Wed 5 Oct 2011
Very few people live for an entire century. I had a great aunt who was born in 1899 and lived into the first part of the 21st century, thus straddling three arbitrarily separated centuries. Imagine someone alive before Henry Ford’s “Tin Lizzy” and the airplane but around to see the cell phone. I realize that a third of a century is not a long period of time against the fourscore and ten of biblical proportions, but it is an eternity in political terms. Few leaders these days survive long enough, no matter how popular or powerful. One who has lasted 34 years is Yemen’s Ali Abdullah Salih, who started out in a military coup in 1978 in North Yemen, helped united north and south in 1990 and has ruled both since with the ongoing pretense of national elections. He is in theory allowed two more years in his last election cycle, which he had “reluctantly” agreed to run in. But in February, hundreds of thousands of Yemeni citizens thought enough was enough and Salih’s support has dwindled dramatically. In early June he was almost killed in a bomb blast, but he has now returned to Yemen and his presence makes the situation in the country even more volatile. In 34 years you make a lot of enemies, but Salih has been defiant, pulling out all the stops to protect his wealth and his power.

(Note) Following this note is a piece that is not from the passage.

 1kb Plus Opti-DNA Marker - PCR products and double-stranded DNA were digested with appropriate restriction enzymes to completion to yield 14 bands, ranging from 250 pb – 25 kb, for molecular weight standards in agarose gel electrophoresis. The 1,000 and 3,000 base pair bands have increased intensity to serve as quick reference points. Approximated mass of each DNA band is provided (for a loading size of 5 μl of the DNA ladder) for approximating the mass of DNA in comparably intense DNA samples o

The best way to visualize 34 years is to look at the photographic trajectory of his power against the various American Presidents he has associated with as a fellow state leader. The extraordinary picture published by Yemen Press and shown above is quite striking. Salih’s military uniform gradually gave way to the business suit, but it was the massive amount of weapons rather than the ballot box that has kept him in power. Yemen has one of the highest percentages of military expenditures per total government budget in the world, up there near that of Israel. But, who exactly has Salih been afraid of over the years. The weak socialist state to the south? The Saudis to the north? The Somalis and Ethiopians across the horn? The far-off Israelis, who have enough problems with their bordering states? Or his own people? The fact that the vast majority of Yemenis want him out of power makes all but the last question above rhetorical.
I do not know who will be president after the next U.S. election cycle. It may be Obama again or another new face, but one thing is sure: Salih will not be around a year from now as the leader of Yemen. Predicting how long before he leaves is futile, but time is not on his side. The longer the stalemate continues, the more Yemen’s people suffer. With Salih gone there will be jubilation, but it will be a long haul for the Peninsula’s poorest and most populous country to get back on track.